■ **TASK DETAILS**
Lines in the listing below may contain the word "with". State how many do, and nothing more.

■ **RECORDS TO USE**
┌──

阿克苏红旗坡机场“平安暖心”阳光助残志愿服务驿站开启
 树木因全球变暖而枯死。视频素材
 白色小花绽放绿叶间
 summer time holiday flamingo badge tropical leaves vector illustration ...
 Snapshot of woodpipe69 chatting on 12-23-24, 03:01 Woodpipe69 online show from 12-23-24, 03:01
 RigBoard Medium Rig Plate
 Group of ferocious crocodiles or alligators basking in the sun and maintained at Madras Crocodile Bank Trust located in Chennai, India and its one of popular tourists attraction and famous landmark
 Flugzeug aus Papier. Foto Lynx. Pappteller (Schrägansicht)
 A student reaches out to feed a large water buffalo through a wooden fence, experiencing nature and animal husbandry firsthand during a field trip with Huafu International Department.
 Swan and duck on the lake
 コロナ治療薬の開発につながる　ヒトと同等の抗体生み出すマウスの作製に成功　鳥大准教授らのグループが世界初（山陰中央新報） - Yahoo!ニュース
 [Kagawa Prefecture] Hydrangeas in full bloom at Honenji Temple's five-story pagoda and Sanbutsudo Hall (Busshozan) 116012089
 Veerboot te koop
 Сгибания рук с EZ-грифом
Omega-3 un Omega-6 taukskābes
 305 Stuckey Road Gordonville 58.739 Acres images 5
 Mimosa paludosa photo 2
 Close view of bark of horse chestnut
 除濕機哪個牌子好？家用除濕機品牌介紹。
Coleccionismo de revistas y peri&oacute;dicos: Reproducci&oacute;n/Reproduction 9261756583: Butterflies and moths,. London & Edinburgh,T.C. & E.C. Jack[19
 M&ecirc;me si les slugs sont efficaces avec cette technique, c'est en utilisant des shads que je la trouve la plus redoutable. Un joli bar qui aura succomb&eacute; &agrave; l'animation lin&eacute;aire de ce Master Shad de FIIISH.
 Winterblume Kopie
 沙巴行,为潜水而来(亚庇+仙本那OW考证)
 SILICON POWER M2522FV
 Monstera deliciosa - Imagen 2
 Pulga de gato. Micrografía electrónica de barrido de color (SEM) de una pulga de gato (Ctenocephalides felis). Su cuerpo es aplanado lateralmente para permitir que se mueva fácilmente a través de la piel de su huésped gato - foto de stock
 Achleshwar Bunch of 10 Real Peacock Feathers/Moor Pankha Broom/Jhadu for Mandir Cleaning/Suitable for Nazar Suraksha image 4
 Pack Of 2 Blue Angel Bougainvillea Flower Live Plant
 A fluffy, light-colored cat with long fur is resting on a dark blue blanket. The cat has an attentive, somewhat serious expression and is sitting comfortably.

└──

■ **ANSWER**
2